Be Delighted

"Oh my my my my, what an eager little mind!"

Auntie Mame

Thursday, April 28, 2016

Cool

I love researching the meanings and origins of words, especially slang words and well known sayings or expressions. If someone remarks on the "dog days of summer" I want to know why they are called that. (hint: it's based on a star in the sky). If you're "throwing me some shade" then I have to know not only what it means but where it began. (aha, it originated in the 1980's LGBT drag culture, as a finely finessed insult, without being blatantly tacky). I can be snarky but throwing shade is a more subtle skill, somewhere above the level of an eye roll.
 In my many years of living through various forms of slang from "groovy" through "amazeballs" I AM actually amazed at the longevity of the word "Cool". Yes there have been variations from "Chill" to "Ice Cold" but "Cool" stays cool because it is the perfect word to define an elusive set of traits. People who are cool are effortless at what they do. If you try to be cool you are not cool, as any hipster or high school teacher will find out. Cool means being perfectly comfortable in your own skin, not easily affected or swayed by the opinions of others, not faddish but eternally in style, poised, self aware, and yet not taking yourself too seriously. It is effortless and unashamed, mysterious and yet accessible, different, sometimes strange, but not to the point of being bizarre or uncomfortably weird. Cool is outside the mainstream, but not too far out.

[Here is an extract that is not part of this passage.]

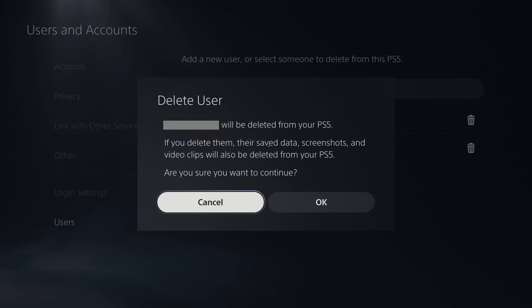A Delete User dialog box is displayed, informing you that if you delete an account from your PS5, their saved data, screenshots, and video clips will be removed from the console.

Shakespeare even described a character as cool, but the modern use came into being in the 1930's in African American culture and specifically the jazz music scene. Black musicians, like Duke Ellington, were the first cool people. In the Forties it migrated into the Beat culture, and into literature like Jack Kerouac's characters in On the Road. Film Noir had a lot of cool actors, from Bogey and Bacall to Alan Ladd and Robert Mitchum. Rock and Roll had loads of cool in the Fifties. Elvis was an example of someone who started out cool but had a hard time keeping it when fame overwhelmed him. John Lennon was the cool Beatle, Jimi Hendrix was definitely cool. (Disco was not cool. It just wasn't. It was fun, but not cool).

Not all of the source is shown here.